長い空白期間を経て再会した姉妹はぎこちなく、彼女はレアの夫や娘たちとも距離を置く。
孤独の中に閉じこもるジュリエットだったが、献身的な妹や無邪気な姪と過ごすうちに
自分の居場所を見いだしてゆく。(シネマトゥデイより転記させていただきました)

女の顔は変化する。彼女達が女優である所以はここかも。

クリスティン・スコット・トーマスという人は、私が思うにマレーネ・ディートリッヒ顔じゃないでしょうか。
妖艶で退廃的なムードが似合う一方、意思の強さを感じさせるエラの張り出した、まさに堂々とした“顔”です。
こういうある種すごみのある顔の女優さんって、日本ではあまり見かけない気がします。

今回も、彼女の顔に魅せられましたー。それは“美しい”とかそういう事ではなくて。
顔(表情)で、多くを語るとでも言えばいいんでしょうか。
冒頭、目の周りに影がさしたようなジュリエットの顔。何かをあきらめたような表情から、
幸せとは遠いところにその身を置いているような彼女の状況を、うかがい知る事ができます。
鳥のさえずりと陽光に一瞬目を細める彼女。この一瞬の表情で「もっと彼女の人生を知りたい」
気持ちになるのが不思議です。ここらへんの間がすごく好き。出だしからいい感触でした。

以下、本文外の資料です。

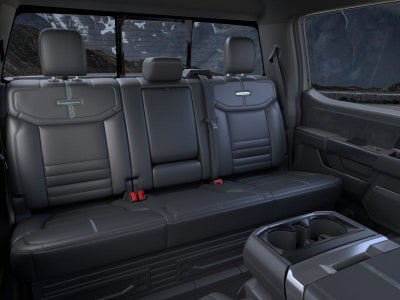 2026 Ford F-150 Platinum®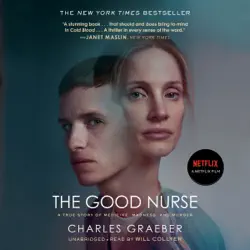 the good nurse audiobook cover image
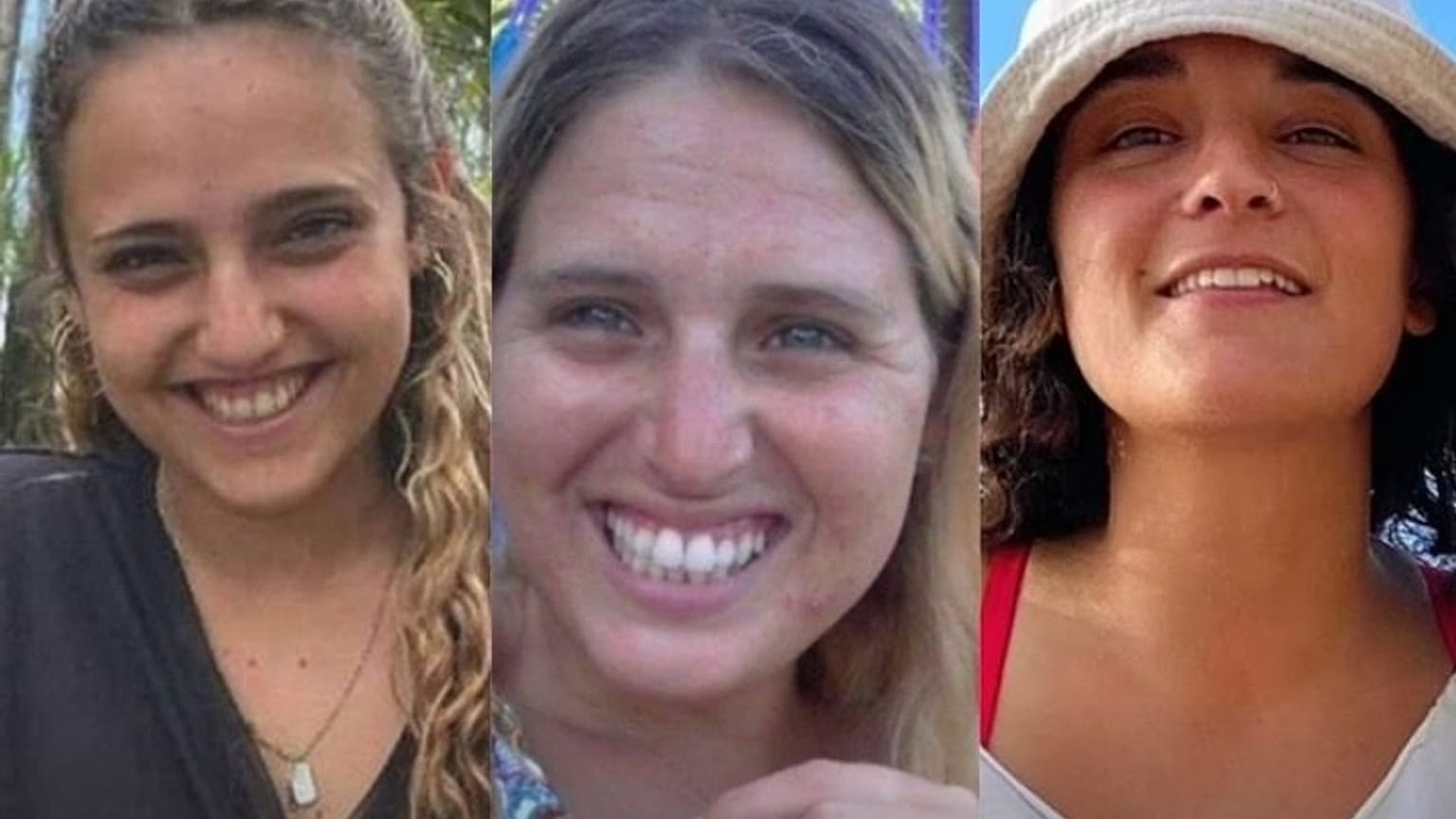 Rehenes israelíes retenidos por Hamás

そして、ジュリエットに惜しみない愛を注ぐ妹レア役のエルザ・ジルベルスタイン。
映画「ミナ」(1993)では、ぽっちゃりと垢抜けない“エテル”役だった彼女が、
こんなにスリムで素敵な、年齢を感じさせない女性になっててビックリしましたヨ〜。
ロマーヌ・ボーランジェ(ミナ)がおしゃれさんだっただけに、当時は対照的でした。
レアの表情からは優しい人柄が滲み出ててるようで、とてもキュートです。

キュートといえば、レア夫婦の子供たち!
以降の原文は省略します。